[Short web captions]
********

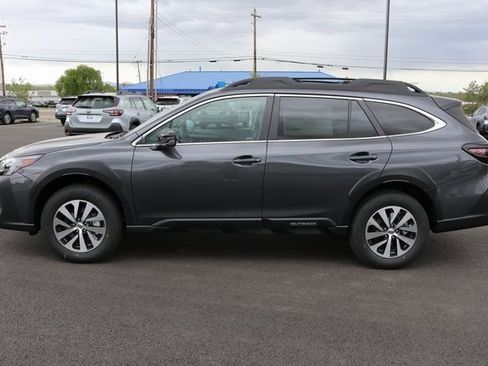 Certified 2025 Subaru Outback Premium w/ Popular Package #1A image 6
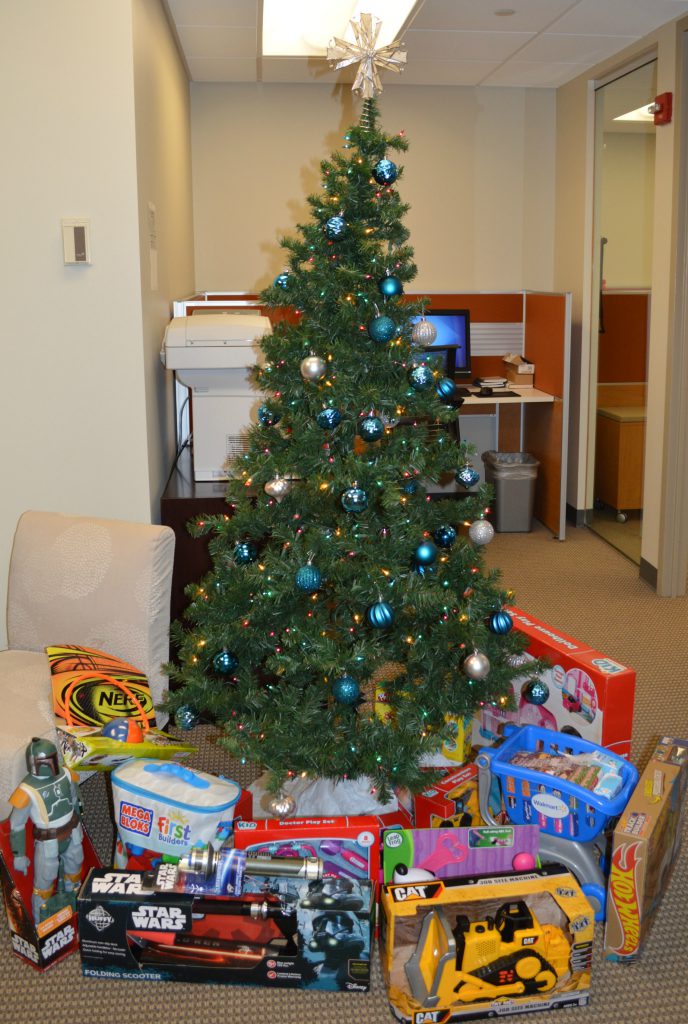 toys-for-tots-tree-cropped-2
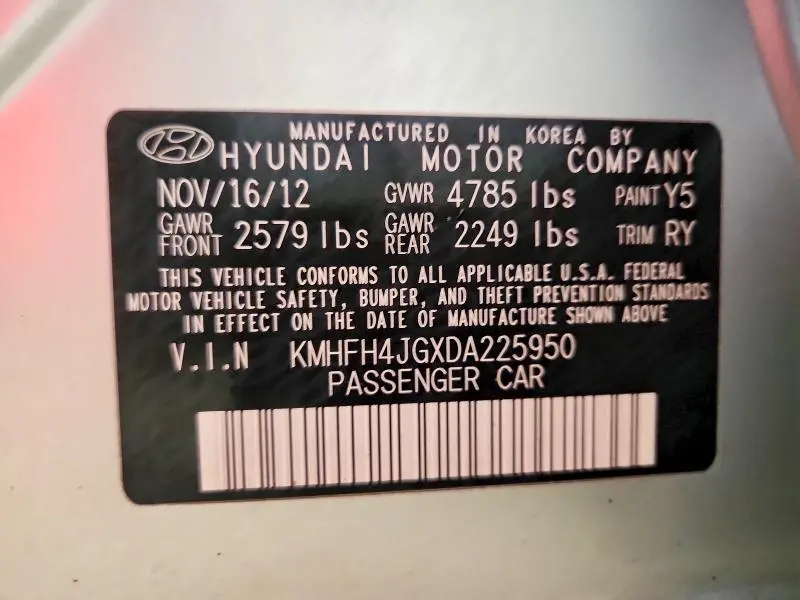 2013 HYUNDAI AZERA BASE  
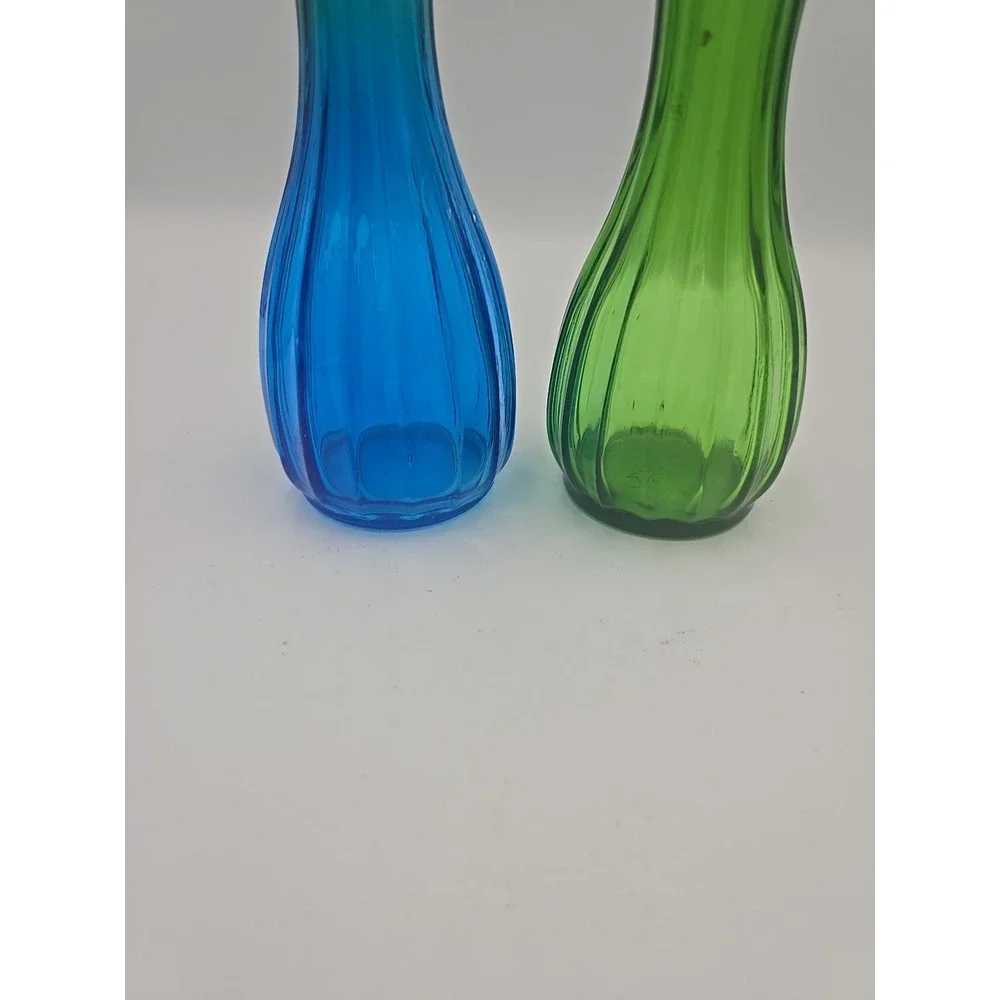 2‎ Vtg Emerald Green Blue Glass Bud Flower Vase Ribbed fluted  8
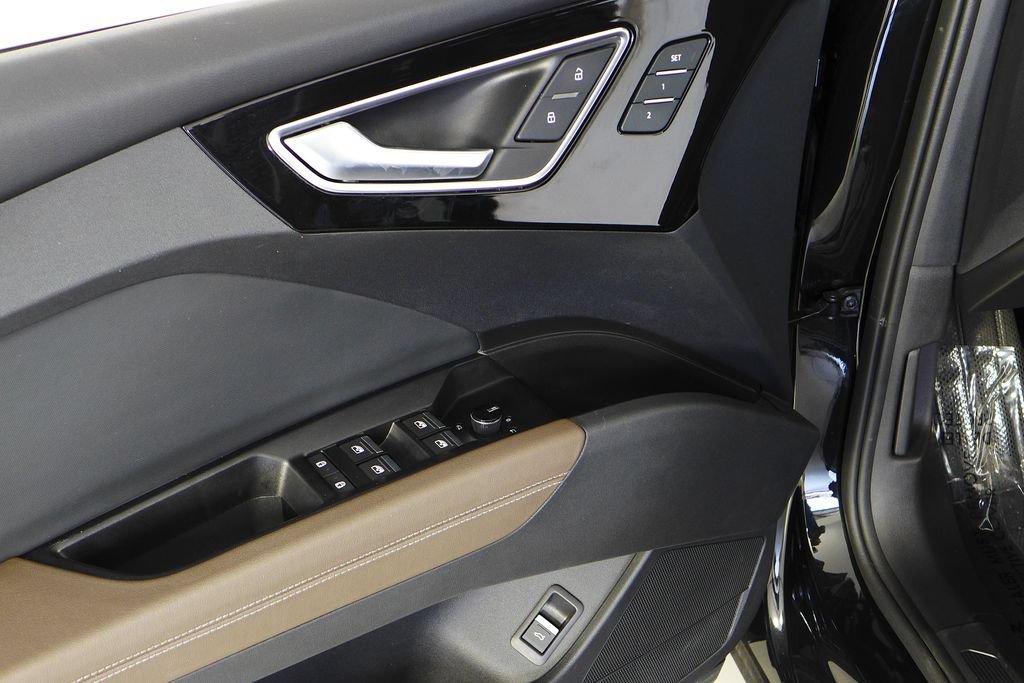 Used 2023 Audi Q4 e-tron Premium w/ Convenience Package RWD image 12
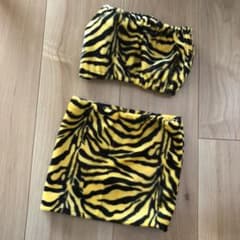 鬼柄のスカートのサムネイル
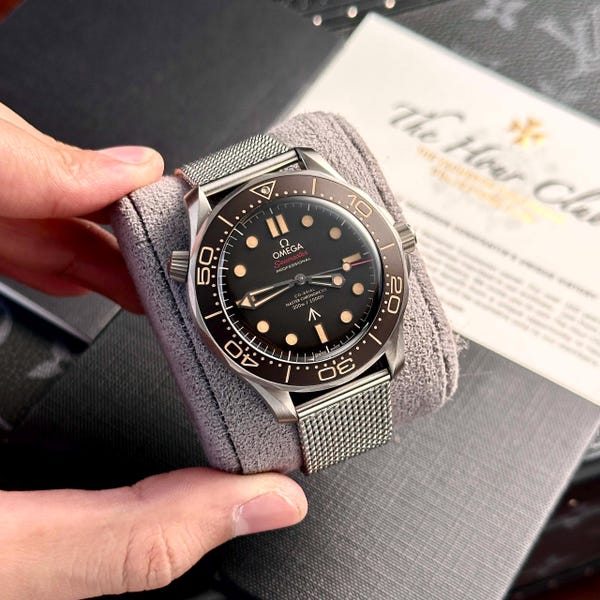 Omega Seamaster Diver 300M Chronometer Edition 43mm Dial Come With Box - Tag - Papers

********

EXERCISE:
Only the lines from the one containing "鬼柄のスカートのサムネイル" through the end of the data above are to be output, exactly and without pictures.

ANSWER SECTION:
 鬼柄のスカートのサムネイル
 Omega Seamaster Diver 300M Chronometer Edition 43mm Dial Come With Box - Tag - Papers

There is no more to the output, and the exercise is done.